Novel Insights Into Estradiol Regulation of Right Ventricular Failure in Pulmonary Hypertension

Pulmonary arterial hypertension (PAH) is a progressive cardiopulmonary disease that, if left untreated, leads to pulmonary vascular remodeling, right ventricular (RV) failure, and death. Women are more susceptible to the development of PAH; however, once they have disease, women with PAH exhibit better right ventricular (RV) function and survival than men. The underlying mechanisms driving this sex difference are unknown. We hypothesized that 17β-estradiol (E2), through estrogen receptor alpha (ERα), attenuates PAH-induced RV failure (RVF) by up-regulating the pro-contractile and pro-survival peptide apelin.
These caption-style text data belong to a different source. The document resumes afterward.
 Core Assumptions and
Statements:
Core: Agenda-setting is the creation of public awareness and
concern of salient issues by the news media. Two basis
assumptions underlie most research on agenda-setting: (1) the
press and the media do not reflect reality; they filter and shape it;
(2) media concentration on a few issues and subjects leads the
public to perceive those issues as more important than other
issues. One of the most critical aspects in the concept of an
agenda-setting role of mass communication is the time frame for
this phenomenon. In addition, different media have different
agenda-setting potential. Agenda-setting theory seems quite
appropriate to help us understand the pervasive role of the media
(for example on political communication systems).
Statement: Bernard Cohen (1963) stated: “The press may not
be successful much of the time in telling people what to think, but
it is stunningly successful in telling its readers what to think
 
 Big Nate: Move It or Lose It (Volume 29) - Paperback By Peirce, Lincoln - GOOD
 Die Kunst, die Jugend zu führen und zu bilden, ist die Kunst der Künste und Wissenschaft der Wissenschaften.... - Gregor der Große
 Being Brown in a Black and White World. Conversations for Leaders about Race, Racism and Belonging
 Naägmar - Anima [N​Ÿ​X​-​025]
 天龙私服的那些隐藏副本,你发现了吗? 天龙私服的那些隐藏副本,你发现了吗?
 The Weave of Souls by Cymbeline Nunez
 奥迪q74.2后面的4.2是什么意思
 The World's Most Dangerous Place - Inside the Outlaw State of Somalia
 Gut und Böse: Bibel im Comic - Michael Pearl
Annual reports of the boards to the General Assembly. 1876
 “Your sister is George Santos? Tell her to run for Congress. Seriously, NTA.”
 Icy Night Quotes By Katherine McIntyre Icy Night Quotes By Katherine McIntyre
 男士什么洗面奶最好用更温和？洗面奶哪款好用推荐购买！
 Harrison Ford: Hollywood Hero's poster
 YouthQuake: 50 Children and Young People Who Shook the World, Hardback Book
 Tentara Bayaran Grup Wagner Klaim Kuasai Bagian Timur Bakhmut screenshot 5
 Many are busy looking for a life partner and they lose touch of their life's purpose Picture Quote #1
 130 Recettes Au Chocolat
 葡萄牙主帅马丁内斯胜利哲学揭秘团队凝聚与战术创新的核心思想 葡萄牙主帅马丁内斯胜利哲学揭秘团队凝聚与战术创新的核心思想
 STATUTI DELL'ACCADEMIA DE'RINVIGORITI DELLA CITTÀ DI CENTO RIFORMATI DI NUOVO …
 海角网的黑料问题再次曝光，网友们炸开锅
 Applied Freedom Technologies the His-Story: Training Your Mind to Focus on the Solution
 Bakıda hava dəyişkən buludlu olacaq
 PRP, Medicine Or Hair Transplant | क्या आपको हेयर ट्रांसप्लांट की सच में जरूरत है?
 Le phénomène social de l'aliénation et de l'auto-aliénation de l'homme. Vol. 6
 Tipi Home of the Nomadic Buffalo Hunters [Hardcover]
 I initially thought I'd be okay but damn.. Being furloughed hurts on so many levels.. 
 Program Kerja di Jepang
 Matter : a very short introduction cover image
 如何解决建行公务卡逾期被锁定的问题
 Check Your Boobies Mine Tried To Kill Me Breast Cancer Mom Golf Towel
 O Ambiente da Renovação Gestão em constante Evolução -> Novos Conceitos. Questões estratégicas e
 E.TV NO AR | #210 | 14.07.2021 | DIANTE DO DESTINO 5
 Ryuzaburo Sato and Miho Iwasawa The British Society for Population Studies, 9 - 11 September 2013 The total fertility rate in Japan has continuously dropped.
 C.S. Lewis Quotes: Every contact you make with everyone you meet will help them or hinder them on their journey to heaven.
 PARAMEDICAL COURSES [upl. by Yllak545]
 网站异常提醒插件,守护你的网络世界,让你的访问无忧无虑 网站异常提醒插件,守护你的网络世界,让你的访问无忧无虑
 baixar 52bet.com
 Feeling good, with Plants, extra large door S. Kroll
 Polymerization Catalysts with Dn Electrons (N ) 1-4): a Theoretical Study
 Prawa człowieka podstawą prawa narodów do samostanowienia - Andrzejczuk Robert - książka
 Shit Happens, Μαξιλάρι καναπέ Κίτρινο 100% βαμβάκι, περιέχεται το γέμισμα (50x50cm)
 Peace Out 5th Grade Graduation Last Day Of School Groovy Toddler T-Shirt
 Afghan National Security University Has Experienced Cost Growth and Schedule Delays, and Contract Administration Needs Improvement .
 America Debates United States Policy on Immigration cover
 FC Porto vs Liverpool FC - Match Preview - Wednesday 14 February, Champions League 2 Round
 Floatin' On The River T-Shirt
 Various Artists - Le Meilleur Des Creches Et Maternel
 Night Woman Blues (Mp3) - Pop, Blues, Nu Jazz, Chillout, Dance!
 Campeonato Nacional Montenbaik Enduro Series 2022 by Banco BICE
We found that ERα and apelin expression were decreased in RV homogenates from PAH patients with RV failure and from rats with maladaptive (but not adaptive) RV remodeling in sugen/hypoxia PH, monocrotaline PH, and pulmonary artery banding RV failure. RV cardiomyocyte apelin abundance increased in vivo or in vitro after treatment with E2 or ERα agonist. Studies employing ER-α-null or ER-β-null mice, ER-α loss-of-function mutant rats, or siRNA demonstrated that ER-α is necessary for E2 to upregulate RV apelin. E2 or ER-α agonist rescued monocrotaline pulmonary hypertension and restored RV apelin. We identified what we believe to be a novel cardioprotective E2/ER-α/apelin axis in the RV. Harnessing this axis may lead to novel RV-targeted therapies for PAH patients of either sex.